Tuesday, November 2, 2010

Thinking About Tibet

It's not easy to wipe out a culture. Huge forces must be brought to bear with such a powerful assault that survival is almost impossible. Sometimes a natural disaster is the culprit.
  • Approximately 65.5 million years ago, an asteroid collided with the earth in the area of Mexico's Yucatan Peninsula, creating the Chicxulub Crater and triggering a mass extinction. Although man was not yet present on earth, the impact had a huge effect on the course of evolution and has long been credited with contributing to the disappearance of the dinosaurs.
  • In 79 A.D., the eruption of Italy's Mount Vesuvius buried the cities of Pompeii and Herculaneum under volcanic ash. 
  • In 2004, the Indian Ocean earthquake and its resulting tsunami had the opposite effect.
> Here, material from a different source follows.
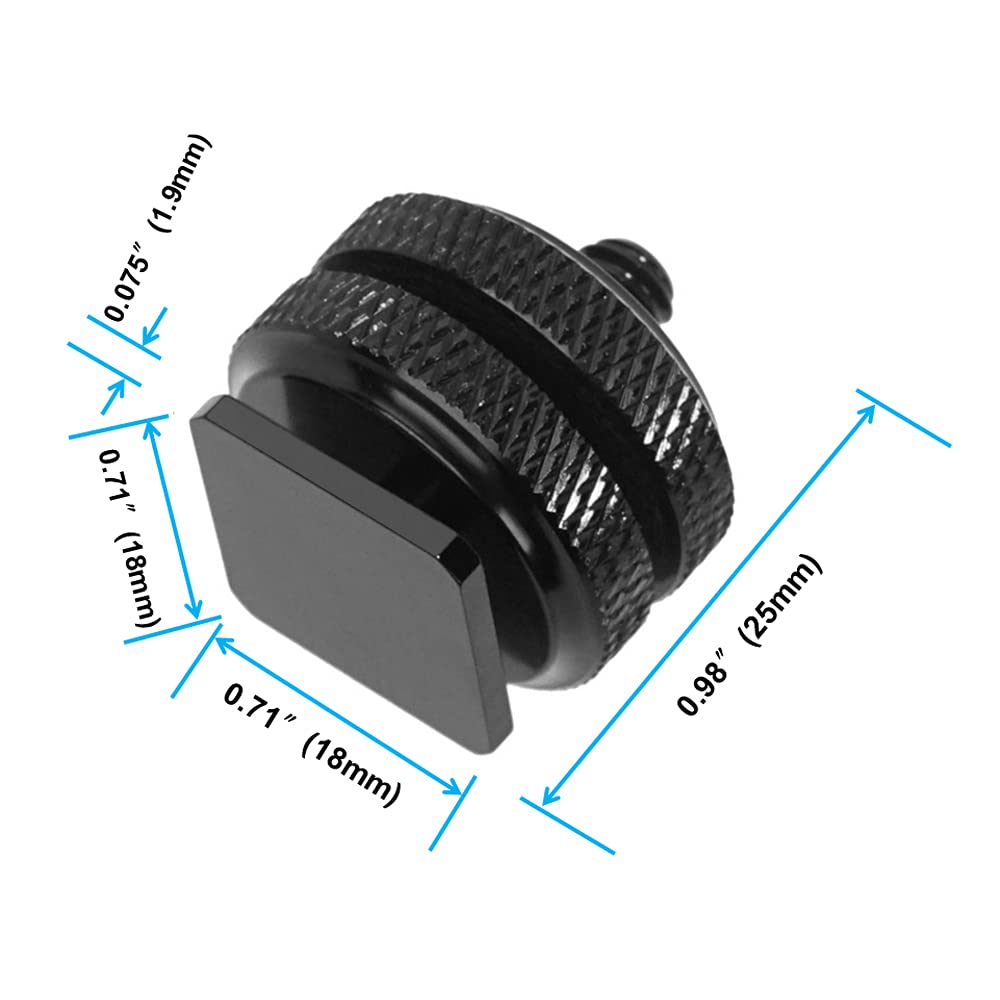 Sioti Camera Hot Shoe Adapter Mount, Camera Hot Shoe Mount, Flash Shoe Mount (Hot Shoe To 1/4')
According to Wikipedia "the water washed away centuries of sand from some of the ruins of a 1,200-year-old lost city at Mahabalipuram on the south coast of India. The site, containing such notable structures as a half-buried granite lion near a 7th century Mahablipuram temple and a relic depicting an elephant, is part of what archaeologists believe to be an ancient port city that was swallowed by the sea hundreds of years ago." 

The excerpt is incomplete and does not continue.